Exercise directions: Gather every line from the entries below that includes "Images".

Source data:
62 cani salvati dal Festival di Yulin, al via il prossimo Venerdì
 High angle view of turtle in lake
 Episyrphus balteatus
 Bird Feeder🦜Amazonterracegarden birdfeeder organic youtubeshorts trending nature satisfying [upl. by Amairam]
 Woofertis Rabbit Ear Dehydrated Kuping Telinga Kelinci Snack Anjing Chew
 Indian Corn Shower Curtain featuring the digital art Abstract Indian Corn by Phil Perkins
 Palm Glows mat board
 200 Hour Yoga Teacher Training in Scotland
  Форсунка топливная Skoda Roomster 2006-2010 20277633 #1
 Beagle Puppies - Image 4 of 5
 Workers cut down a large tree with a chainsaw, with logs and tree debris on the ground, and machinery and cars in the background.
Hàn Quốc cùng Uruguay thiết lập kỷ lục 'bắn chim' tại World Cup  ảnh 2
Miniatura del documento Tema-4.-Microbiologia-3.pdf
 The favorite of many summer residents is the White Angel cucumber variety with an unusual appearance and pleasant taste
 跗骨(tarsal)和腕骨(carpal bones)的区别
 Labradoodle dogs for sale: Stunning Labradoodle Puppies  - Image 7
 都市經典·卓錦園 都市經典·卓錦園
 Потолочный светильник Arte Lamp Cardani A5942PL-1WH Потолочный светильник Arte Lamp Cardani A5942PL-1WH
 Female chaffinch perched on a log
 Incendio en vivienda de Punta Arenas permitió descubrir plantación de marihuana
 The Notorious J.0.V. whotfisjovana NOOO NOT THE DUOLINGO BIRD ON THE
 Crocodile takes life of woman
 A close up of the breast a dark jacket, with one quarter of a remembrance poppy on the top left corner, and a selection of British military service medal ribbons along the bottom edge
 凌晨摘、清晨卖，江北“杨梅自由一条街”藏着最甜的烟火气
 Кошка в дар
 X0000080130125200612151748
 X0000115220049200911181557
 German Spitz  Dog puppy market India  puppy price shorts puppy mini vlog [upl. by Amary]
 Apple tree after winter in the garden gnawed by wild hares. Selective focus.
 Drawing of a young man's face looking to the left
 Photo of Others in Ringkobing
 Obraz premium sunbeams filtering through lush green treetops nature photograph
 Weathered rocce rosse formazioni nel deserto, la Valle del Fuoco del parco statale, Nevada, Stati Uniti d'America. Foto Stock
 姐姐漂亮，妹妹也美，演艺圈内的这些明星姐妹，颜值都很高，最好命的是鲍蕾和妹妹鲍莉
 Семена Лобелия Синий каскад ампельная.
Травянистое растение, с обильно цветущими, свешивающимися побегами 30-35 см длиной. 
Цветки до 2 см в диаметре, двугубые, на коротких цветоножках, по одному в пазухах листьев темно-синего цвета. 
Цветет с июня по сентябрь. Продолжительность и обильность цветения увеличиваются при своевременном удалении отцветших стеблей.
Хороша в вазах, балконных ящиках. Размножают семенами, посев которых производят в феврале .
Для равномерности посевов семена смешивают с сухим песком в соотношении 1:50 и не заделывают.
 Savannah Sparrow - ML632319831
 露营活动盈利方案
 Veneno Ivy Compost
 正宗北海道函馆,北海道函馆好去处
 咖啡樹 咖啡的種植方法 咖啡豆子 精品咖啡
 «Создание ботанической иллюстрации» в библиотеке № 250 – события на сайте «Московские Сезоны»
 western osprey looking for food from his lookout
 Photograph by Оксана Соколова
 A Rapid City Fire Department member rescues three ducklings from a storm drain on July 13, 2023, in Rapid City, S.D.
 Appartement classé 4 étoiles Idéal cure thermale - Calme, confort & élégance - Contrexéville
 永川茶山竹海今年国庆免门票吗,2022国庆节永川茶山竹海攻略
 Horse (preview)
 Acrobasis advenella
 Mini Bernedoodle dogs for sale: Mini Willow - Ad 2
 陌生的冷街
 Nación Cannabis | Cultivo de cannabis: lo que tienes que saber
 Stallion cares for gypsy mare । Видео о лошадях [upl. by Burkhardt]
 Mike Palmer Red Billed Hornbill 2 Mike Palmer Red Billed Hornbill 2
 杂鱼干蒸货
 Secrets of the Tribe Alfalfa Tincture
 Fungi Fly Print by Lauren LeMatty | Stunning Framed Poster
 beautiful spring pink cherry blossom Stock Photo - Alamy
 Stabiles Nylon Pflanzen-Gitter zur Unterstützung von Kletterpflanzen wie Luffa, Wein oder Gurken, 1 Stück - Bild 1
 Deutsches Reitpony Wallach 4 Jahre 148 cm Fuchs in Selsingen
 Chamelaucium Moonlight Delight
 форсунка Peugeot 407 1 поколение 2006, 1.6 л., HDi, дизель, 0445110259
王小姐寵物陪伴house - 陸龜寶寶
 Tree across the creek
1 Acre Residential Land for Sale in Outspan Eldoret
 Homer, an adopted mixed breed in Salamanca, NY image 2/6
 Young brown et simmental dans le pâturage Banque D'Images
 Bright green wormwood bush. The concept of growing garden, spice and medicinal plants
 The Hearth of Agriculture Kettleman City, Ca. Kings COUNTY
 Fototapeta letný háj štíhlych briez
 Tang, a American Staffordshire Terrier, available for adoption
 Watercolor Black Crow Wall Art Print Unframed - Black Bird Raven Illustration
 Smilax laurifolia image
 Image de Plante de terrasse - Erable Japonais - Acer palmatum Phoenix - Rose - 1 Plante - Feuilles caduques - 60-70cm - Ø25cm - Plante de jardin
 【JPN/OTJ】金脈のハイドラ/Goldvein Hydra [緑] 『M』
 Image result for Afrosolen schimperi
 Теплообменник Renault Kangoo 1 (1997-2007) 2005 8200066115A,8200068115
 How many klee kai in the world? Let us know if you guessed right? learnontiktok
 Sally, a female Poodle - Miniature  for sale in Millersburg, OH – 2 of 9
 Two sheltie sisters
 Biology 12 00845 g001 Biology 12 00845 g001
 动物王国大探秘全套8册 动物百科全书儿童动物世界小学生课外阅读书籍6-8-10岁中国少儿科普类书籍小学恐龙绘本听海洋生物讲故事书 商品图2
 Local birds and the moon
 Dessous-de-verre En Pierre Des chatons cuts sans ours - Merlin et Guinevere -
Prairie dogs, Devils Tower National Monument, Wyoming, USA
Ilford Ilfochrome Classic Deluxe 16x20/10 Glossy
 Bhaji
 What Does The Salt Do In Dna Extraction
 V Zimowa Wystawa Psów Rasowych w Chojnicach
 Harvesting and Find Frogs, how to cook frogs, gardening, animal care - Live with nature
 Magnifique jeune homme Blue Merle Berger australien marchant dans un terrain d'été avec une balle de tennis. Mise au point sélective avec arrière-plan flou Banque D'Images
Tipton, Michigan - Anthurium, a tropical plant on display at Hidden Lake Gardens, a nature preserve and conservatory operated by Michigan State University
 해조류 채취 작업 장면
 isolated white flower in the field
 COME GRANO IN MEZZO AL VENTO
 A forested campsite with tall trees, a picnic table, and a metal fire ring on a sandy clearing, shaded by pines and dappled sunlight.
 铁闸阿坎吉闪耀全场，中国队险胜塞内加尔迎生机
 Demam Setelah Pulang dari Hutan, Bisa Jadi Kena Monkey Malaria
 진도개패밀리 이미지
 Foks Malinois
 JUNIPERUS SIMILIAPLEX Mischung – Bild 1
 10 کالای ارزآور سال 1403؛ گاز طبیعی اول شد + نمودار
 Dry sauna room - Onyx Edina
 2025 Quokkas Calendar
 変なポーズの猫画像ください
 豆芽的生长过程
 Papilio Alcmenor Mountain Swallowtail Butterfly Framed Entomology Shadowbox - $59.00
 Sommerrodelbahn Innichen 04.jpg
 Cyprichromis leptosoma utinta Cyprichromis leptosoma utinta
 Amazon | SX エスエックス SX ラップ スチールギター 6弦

Task solution:
 Young brown et simmental dans le pâturage Banque D'Images
 Magnifique jeune homme Blue Merle Berger australien marchant dans un terrain d'été avec une balle de tennis. Mise au point sélective avec arrière-plan flou Banque D'Images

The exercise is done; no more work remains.